You should also study the initializers for low
and high
. It is possible
to initialize a pointer to the address of a previously defined object; that is
precisely what we have done here.
In main
we wrote
for (p = keytab; p < keytab + NKEYS; p++)
If p
is a pointer to a structure, any arithmetic on p
takes into account the
actual size of the structure, so p++
increments p
by the correct amount to
get the next element of the array of structures. But don't assume that the
size of a structure is the sum of the sizes of its members - because of
alignment requirements for different objects, there may be "holes" in a
structure.
Finally, an aside on program format. When a function returns a complicated type, as in
struct key *binary(word, tab, n)
the function name can be hard to see, and to find with a text editor. Accordingly an alternate style is sometimes used:
struct key *
binary(word, tab, n)
This is mostly a matter of personal taste; pick the form you like and hold to it.
6.5 - Self-referential Structures
Before we start this section, a slightly longer aside from your narrator. Up to now, I have resisted the temptation to augment the book with my own bits of code.
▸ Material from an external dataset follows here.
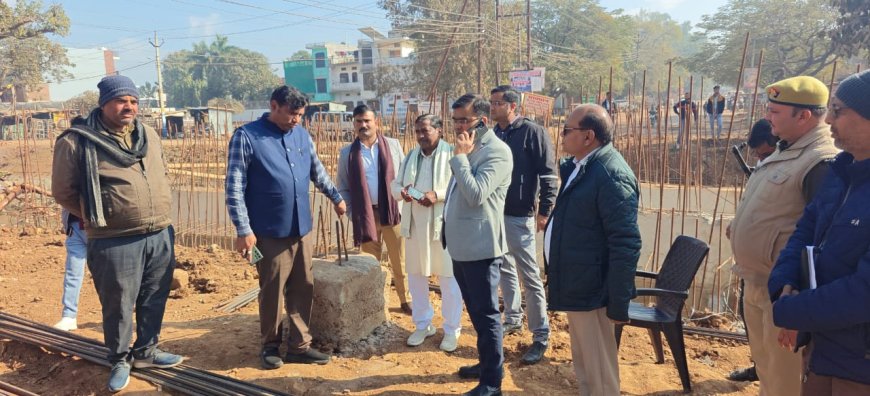 बड़ी नहर पुल के निर्माण में देरी पर भड़के डीएम और विधायक।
But we have reached the single point in the book where I feel that there is too big of a conceptual leap between two sections so I am going to add some of my own narrative between sections 6.4 and 6.5.
The rest of this chapter talks very nicely about
binary trees
and
hash tables - both essential low level data
structures in Computer Science and both excellent ways to understand pointers and how C can be used to
build data structures like the Python dict
. However the authors skipped separately describing
the structure of a dynamically constructed
linked list which is the
first and foundational collection data structure in Computer Science and should be understood
before moving to tree and hash map structures.
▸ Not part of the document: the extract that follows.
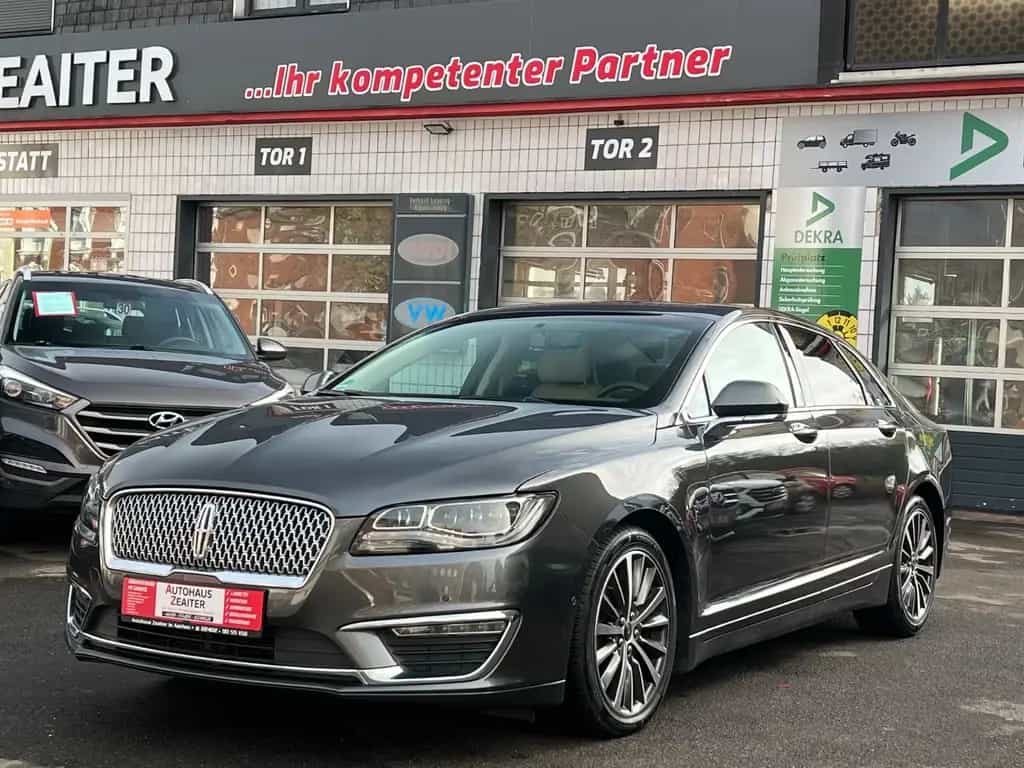 Lincoln MKZ 11/2021-photo-1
Linked lists form the foundation of the Python list
object, Java Array object, PHP numeric key arrays,
and JavaScript arrays. The linked list can be dynamically extended and items can be added in the middle
efficiently as well as being pushed or popped on or off the front or back of the list. Linked lists also
are used to implement queues as well as other aspects of operating systems.
I will attempt to mimic the authors writing style in this new section of the book. I will write the sample code using a more modern dialect of C so it is easier to run on a modern compiler.
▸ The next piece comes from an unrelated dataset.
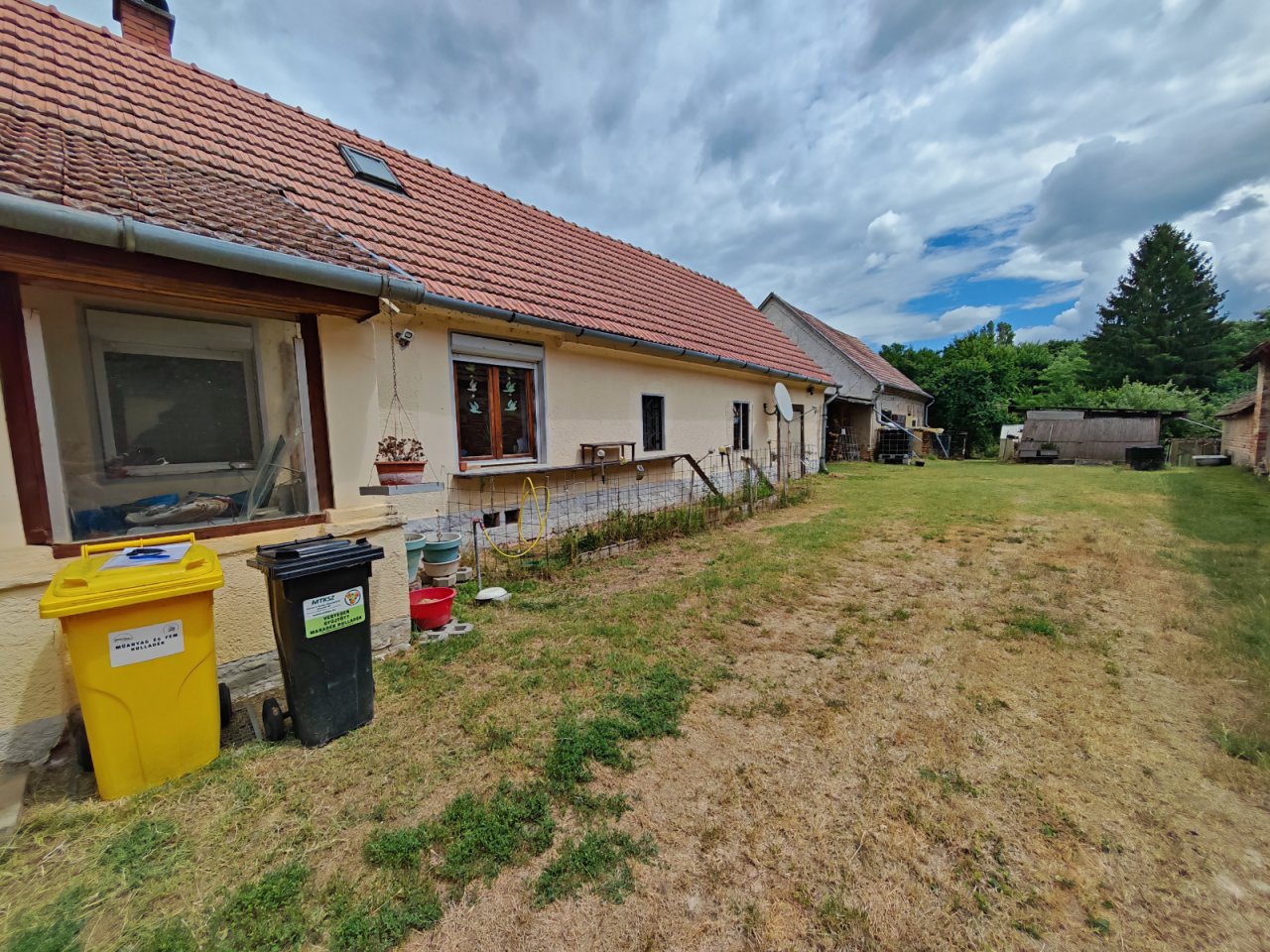 (BBA) Renovierungsbedürftiges Haus in ruhiger, harmonischer Umgebung (BB5325)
6.5.- 1 Linked Lists (Bonus content)
Suppose we want to read a file and print the file in reverse order. We don't know how many lines will be in the file before we read the file so we can't simply use a simple array of pointers to strings in character arrays (i.e. lines). In a sense we need a dynamic array that grows as we encounter new lines. When we reach the end of file we just loop through our stored lines from the end to the beginning and print them out in reverse order.
One solution is to make a data structure called a doubly linked list of character strings. In addition to each line of data, we will store a pointer to the previous line and the next line as well as a pointer to the first item we add to the in the list which we will call the "head" of the list and the most recent item we added to the list which we will call the "tail" of the list.
We will see a single linked list as one part of a hash map data structure below. A single linked list can only be traversed in a forward direction. A doubly linked list can be traversed either forwards or backwards.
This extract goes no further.